Listed records:

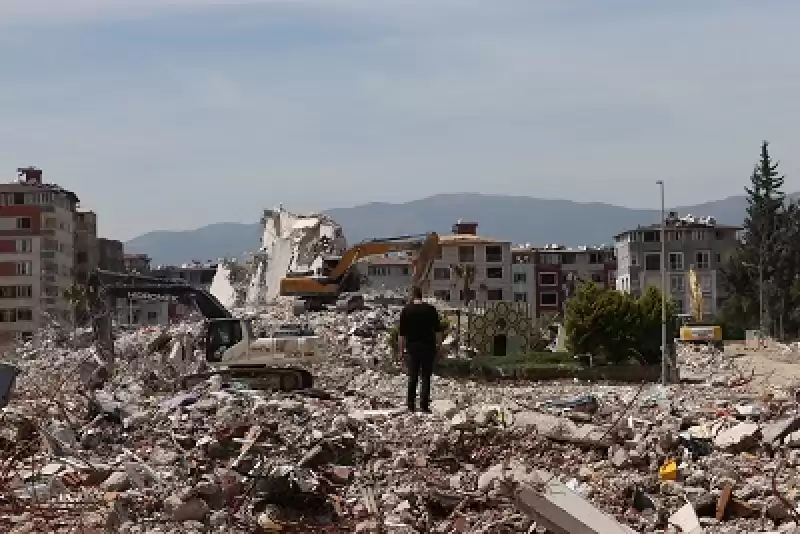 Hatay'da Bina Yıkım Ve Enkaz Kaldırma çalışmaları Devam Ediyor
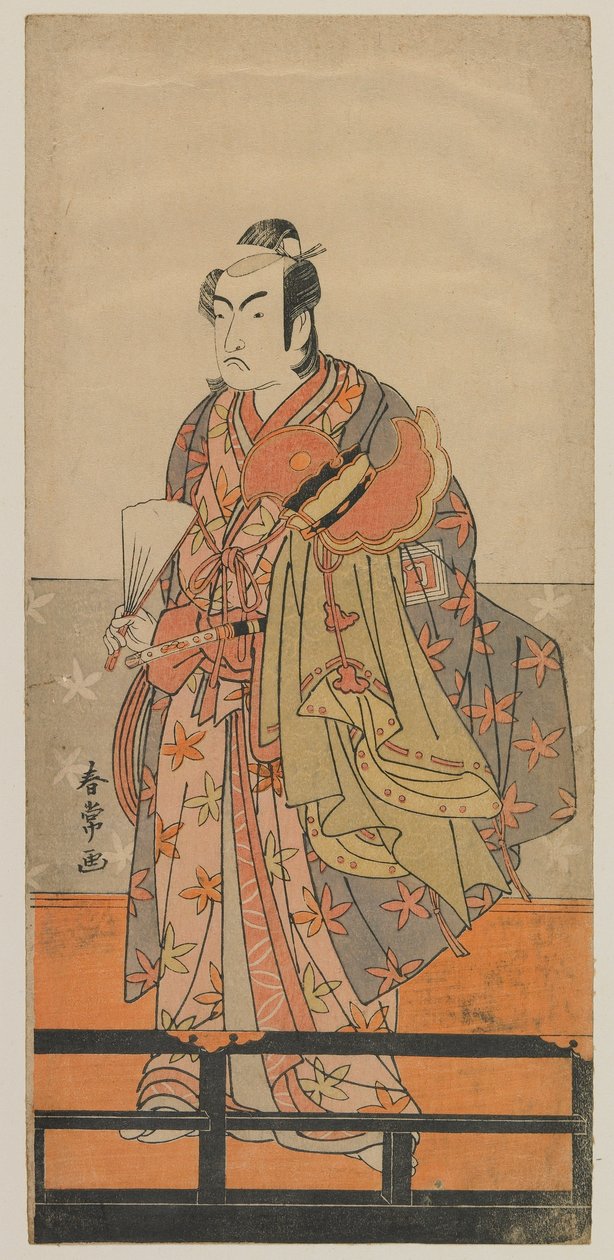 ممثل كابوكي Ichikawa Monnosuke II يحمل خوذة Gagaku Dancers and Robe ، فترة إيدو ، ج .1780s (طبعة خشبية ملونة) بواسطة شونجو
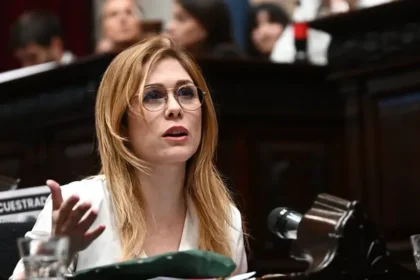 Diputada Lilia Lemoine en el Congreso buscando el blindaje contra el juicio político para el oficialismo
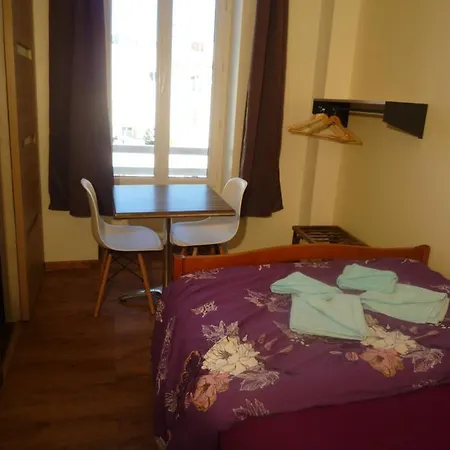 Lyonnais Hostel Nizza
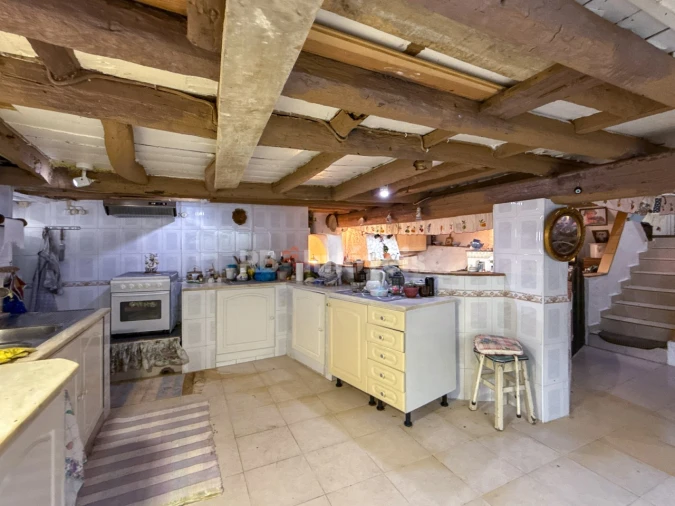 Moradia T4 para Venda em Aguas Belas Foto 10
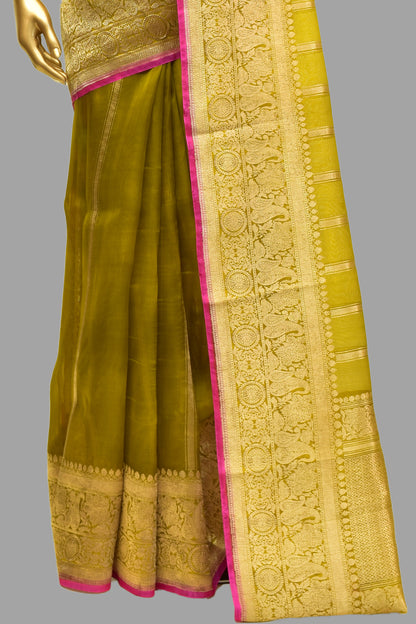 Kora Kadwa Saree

==

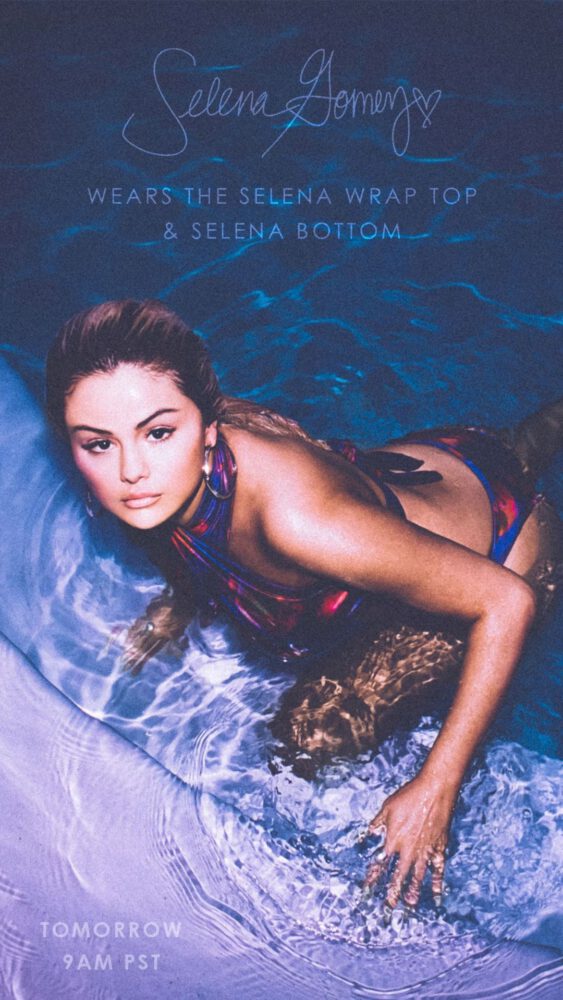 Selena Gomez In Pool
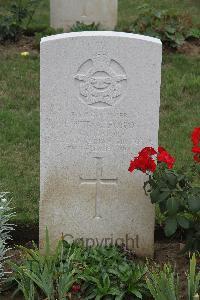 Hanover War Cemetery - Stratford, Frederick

What you have to do:
Within the listing above, find the line containing "Selena Gomez In Pool" and the line containing "Hanover War Cemetery - Stratford, Frederick". Transcribe them and everything between them exactly, leaving out the pictures.

Response area:
 Selena Gomez In Pool
 Hanover War Cemetery - Stratford, Frederick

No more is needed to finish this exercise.